It would be gratuitous, on our part, to add more quotations from “ The Betrothed, a work (to say nothing of its numerous, though all unsatisfactory translations) so familiar to the youngest beginner in Italian scholarship; of which several editions, in the original, have been published in London itself.

Manzoni's tragedies are less popular in this country, as, indeed, every where out of Italy. The fine lyrical feeling that runs throughout them admits of no foreign imitation. We have, nevertheless, made some attempt at a metrical version of the famous mountain journey of Martino, Charlemagne's guide across the Alps, and of the first chorus in the third act of “Adelchi,” which have been published elsewhere.* We here subjoin a literal translation of the other chorus in the same tragedy.

Ermengarda, daughter of Desiderio, sister of Adelchi, the last Kings of the Lombards, sent back to her father's home after the heartless repudiation of her royal husband, Charles of France, dies broken-hearted, just as the Lombard' throne is tottering to its foundation; she is expiring at Brescia, in the arms of her sister, in the monastery of St. Salvator, where she had taken up her last shelter. A chorus of nuns are made, rather vaguely, to give expression to the poet's own thoughts.

“ With her soft fair tresses loose on her panting breast, with slackened hands, and her white countenance overspread with the dew of death, there the pious one reclines, her swimming gaze seeking for Heaven's light.

The lamentation stops short: a unanimous prayer soars heavenwards -a gentle hand lighting on that marble brow, stretches the last curtain upon the blue lustreless eyes.

“ Banish, O gentle being, all earthly passions from thy anxious mind : lift up thy thought, as an offering to the Eternal Father, and die- beyond this life only is the end of thy long martyrdom.

“ Such was the immovable fate of the sad sufferer. Ever to long for oblivion, ever to long in vain ; and ascend to the God of the Holy, hallowed by her trial of sorrow.

“ Alas ! in sleepless darkness, along the lonely cloisters, amidst the virgin melodies, at the foot of the sacred altar, ever did the un-recalled days again spring up in her thought;

“ The day, when still beloved, unconscious of the treacherous time to come, she breathed entranced the vivid air of the French shores, and stepped forward, an envied bride, among the Salic maidens.

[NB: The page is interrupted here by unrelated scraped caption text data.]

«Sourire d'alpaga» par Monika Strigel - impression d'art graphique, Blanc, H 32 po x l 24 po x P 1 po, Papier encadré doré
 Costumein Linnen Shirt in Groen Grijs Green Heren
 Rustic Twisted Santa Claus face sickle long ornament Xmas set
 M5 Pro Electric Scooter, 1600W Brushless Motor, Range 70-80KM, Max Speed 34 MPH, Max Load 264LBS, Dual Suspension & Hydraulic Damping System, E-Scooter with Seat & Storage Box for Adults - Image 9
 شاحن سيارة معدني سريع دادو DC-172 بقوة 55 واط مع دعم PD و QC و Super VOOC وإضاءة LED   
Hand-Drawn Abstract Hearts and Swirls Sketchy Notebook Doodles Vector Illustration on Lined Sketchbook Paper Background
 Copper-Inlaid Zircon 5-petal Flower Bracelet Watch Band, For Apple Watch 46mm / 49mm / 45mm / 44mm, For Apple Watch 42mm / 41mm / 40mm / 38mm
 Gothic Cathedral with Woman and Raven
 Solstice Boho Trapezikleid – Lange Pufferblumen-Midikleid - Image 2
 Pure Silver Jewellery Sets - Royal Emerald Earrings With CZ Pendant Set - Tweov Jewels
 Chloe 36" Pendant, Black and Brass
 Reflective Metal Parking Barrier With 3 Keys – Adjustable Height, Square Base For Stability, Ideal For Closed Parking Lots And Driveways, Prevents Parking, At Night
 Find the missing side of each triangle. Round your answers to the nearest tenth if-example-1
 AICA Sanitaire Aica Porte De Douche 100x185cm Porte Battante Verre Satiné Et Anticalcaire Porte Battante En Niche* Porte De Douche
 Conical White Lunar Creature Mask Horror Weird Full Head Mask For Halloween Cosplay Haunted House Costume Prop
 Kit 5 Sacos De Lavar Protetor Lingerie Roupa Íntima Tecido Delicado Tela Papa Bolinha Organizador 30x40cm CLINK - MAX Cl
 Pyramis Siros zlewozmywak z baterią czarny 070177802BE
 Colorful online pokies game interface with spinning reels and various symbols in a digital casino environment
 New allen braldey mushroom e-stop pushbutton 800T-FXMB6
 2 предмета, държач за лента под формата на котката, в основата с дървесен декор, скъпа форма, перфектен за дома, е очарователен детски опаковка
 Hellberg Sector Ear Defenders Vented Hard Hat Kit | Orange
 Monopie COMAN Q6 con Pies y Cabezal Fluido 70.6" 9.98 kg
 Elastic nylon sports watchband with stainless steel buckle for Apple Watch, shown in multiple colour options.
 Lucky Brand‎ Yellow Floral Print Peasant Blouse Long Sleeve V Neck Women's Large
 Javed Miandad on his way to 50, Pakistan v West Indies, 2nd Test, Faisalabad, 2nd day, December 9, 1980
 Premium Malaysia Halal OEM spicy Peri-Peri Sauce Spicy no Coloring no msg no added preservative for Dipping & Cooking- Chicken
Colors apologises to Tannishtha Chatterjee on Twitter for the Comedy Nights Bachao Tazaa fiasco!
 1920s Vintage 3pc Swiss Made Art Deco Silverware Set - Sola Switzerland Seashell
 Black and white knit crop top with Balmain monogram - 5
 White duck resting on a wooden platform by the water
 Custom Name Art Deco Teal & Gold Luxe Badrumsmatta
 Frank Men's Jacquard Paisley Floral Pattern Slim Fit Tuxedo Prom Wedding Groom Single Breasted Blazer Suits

“When from a hill, high in the air, her fair tresses sparkling with gems, she beheld the busy chase swarming on the plain, and the longhaired monarch bowing to his horse's main.

“And close on his steps, the throng of reeking coursers and the rushing and the wheeling of the panting hounds, and the bristling wild-boar goaded out of the beaten thickets.

.“ Oltremonti ed oltremari.” London: Rolandi, 1844.

“ But when, struck by the royal dart, the huge monster was seen streaking with blood the trampled dust, the tender bride, pale with lovely terror, hid her face in the throng of her damsels.

“Oh! the wandering Meuse ! Oh, the warm springs of Aix! Where the sovereign warrior laid down his glittering mail, and alighted to refresh his brow, heated by the wild sport of the field !

“ Soft as the dew on the bush of withered flowers, infuses new life into the burning stems, so that they rise in the mild hour of dawn, once more clad in their native verdure,

“ Even so the refreshing sound of friendly exhortation, sinks gently into that tumult of thoughts, which the cruel storm-blast of passion aroused, and diverts the heart to the calm bliss of a purer love.

“ But even as the sun as it rises on its fiery path, pours down all the incessant influence of his overpowering beams, and once more burns down to the ground those slender stems,

“With equal swiftness, from that faint oblivion, the half-lulled passion again rises, unquenchable, and storms the affrighted reason, and calls back the wandering images to their wonted sorrow.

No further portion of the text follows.